Delays in the planning process are impacting all developers across the country, regardless of size, but the effects are felt most acutely by SME builders. The limited availability of suitable housing sites, and the constant struggle to secure viable planning consent, has a huge tangible impact on SMEs’ ability to grow. Planning processes are beset by delays, and poor resourcing at local authority level creates additional costs and uncertainty. Indeed, our 2021 survey of SME builders, run in conjunction with Close Brothers Property Finance and builders’ merchants Travis Perkins, found 94 per cent of respondents saw delays in securing planning permission or discharging conditions as a major barrier to increasing housing supply.
While larger companies can mitigate risk across dozens of sites in some cases, for small firms, encountering delays on one or two sites will be the difference between a year of growth and a year of contraction. While there are some positive measures contained in the government’s Levelling Up and Regeneration Bill (LURB) – for example proposals to speed up the creation and adoption of local plans – it is far from a silver bullet.

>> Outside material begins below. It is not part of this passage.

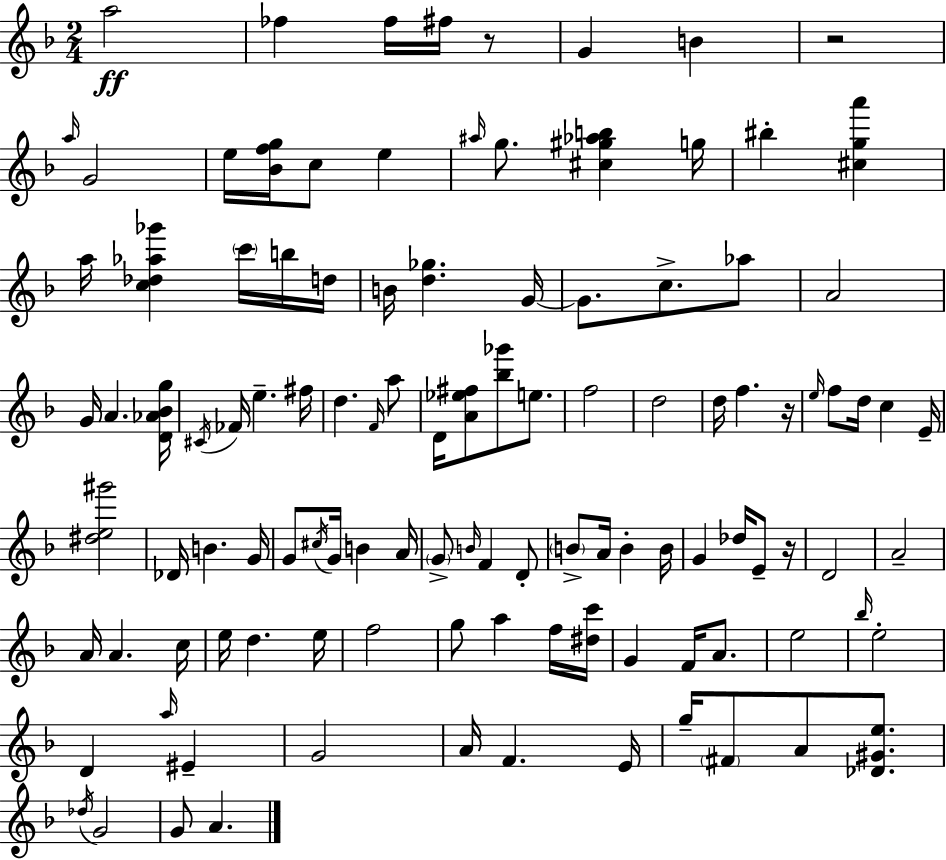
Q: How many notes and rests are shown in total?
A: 111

To tackle these issues fully, we need the government to ensure local planning authorities are adequately resourced and tackle the inefficiency resulting from a lack of prioritisation and resources. They should consider possible options for depoliticising planning decisions at a local level too. Government also needs to ensure forthcoming government policy, including the revised National Planning Policy Framework (NPPF), includes an emphasis on bringing smaller sites forward through the local planning process, particularly if the requirement for a five-year land supply – where councils with up-to-date local plans will no longer need to demonstrate a five-year supply of housing sites – is to be removed, as is currently proposed in the LURB
Bureaucracy in the development process is a source of frustration for most house builders, but, again, while larger firms are adequately resourced and well equipped to negotiate the delays and excessive costs involved, for small developers and, in particular, start-ups, these considerations are critical to the survival, let alone growth, of the business.
While resourcing of the specific planning functions within a local authority is a frequent source of frustration, associated services can also make the business environment more challenging. The process of obtaining approval from highway authorities for new roads and the terms and costs involved with authorities adopting new roads on completion can often add months onto development timescales. In an increasing number of cases, builders report that highway authorities are reluctant to adopt new roads at all.

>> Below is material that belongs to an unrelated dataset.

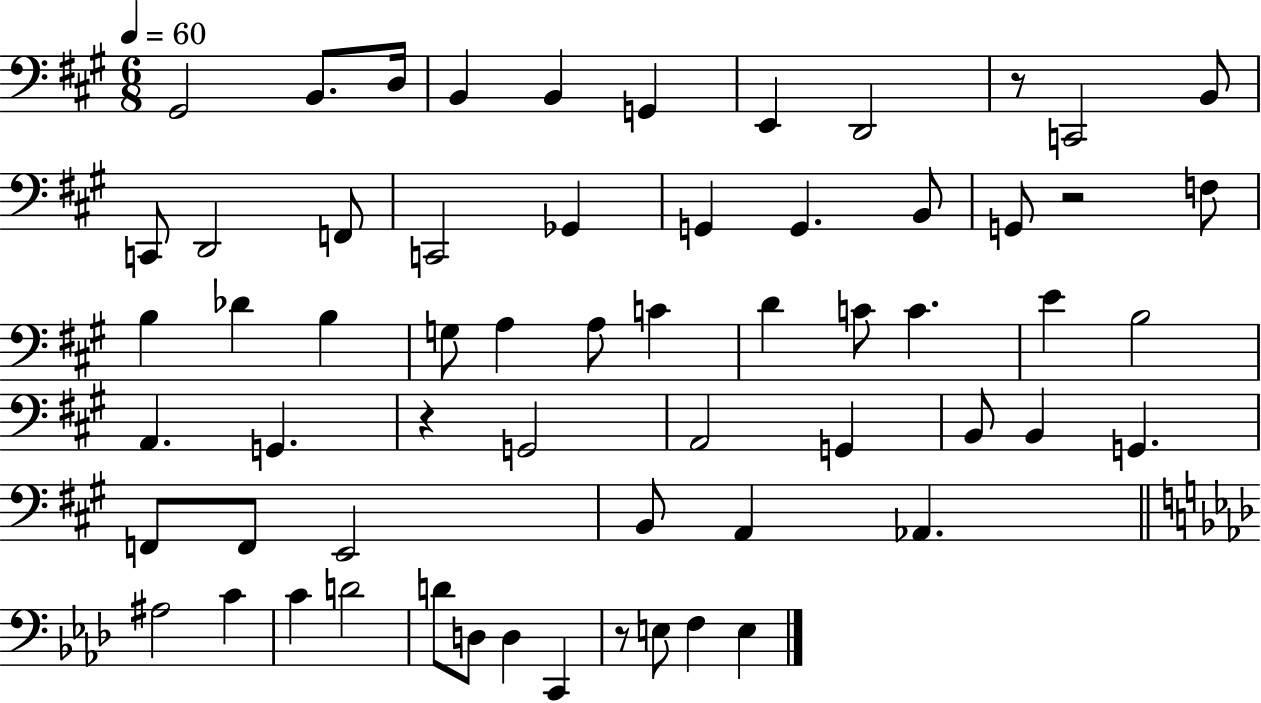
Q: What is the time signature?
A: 6/8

HBF would encourage the introduction of key performance indicators (KPIs) or similar for highways authorities to highlight the underperformance of many (and the responsible approach taken by others). Developers would also welcome a single set of standards for highways design. These are often highly technical matters and there is no reason why there should be such a significant local variation.
Meanwhile, the terms of financing for residential development have become extremely difficult for small house building companies over the past decade or so.

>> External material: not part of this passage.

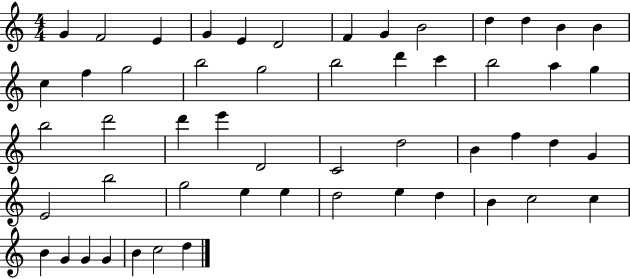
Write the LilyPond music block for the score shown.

While the availability of finance has not been a tier one concern in recent years, the terms on which that finance is available means that recycling equity on developments takes considerably longer than in the past, hampering firms with big growth ambitions. Lenders have drastically changed their attitudes to the sector since the global financial crisis, and their risk appetite also correlates to the risk and uncertainty inherent in the planning process on which all developers rely – which, inevitably, tempers the approach of banks and specialist funders that have diminished visibility as to when they will see their capital repaid.
One of the solutions HBF has put forward to mitigate this issue is the introduction of a government guarantee for development finance lenders of up to 20 per cent of development costs. We consider that by underpinning private lending with a government-backed guarantee, this could enable home builders to secure more favourable terms and higher effective loan-to-cost ratios.
The position of SME developers is increasingly precarious. If we are to make further increases in housing supply and tackle the housing crisis effectively, it is vital that SME builders are not only supported to survive, but to grow, expand and thrive. After all, returning to the number of home builders operational in 2007 could help boost housing supply by around 25,000 homes per year.
That is significant not just for housing delivery but for the economy – it would generate a further £4.2bn in economic activity and almost £700m investment in affordable housing. In these testing times, these are advantages we cannot afford to ignore.